When CBS had the NFC package, I was not a fan of football and didn’t know much about it. Heck, I was only four years old when CBS showed their last NFC game, the NFC Championship Game between the San Francisco 49ers and the Dallas Cowboys at Texas Stadium, a game the Cowboys would win en route to their second consecutive Super Bowl victory.
I can remember becoming a fan of the NFL full-time during the 1996 season, probably entertained by the previous Super Bowl between the Cowboys and the Pittsburgh Steelers at Sun Devil Stadium in Arizona. The NFC was on FOX at this point, and I’m not really quite sure what two teams were playing. However, Pat Summerall and John Madden were calling the action, and I fell in love with Summerall’s voice instantaneously.
Nothing about Madden made me enjoy his commentary. He was too over the top and animated for very little reason. Summerall, however, never really tried to deliver any catchy phrases or go over the top with his commentary. He called it exactly as it was, in the soothing and mellow voice that defined his career since the 1960s.

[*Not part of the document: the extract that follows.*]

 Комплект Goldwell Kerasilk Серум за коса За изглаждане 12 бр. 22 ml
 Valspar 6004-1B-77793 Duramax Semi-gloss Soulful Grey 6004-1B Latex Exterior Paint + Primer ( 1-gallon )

I remember the last call Summerall had as a commentator. It’s hard to forget since it was the night the New England Patriots stunned the world by defeating the St. Louis Rams in Super Bowl XXXVI. Patriots’ K Adam Vinatieri kicked the game-winning field goal as time expired, and the call from Summerall was classic. It was nothing extraordinary. The moment of the winning kick for the championship defined itself, and Summerall let it play out that way. Less was more!
The NFL has missed his voice since his retirement. There was always a thought that Summerall would probably miss calling the action and want to return. As evidenced by his old age, that was not likely. Summerall has now passed at the age of 82. He leaves behind an incredible legacy that has been admired by other color commentators and will forever be admired by future color commentators.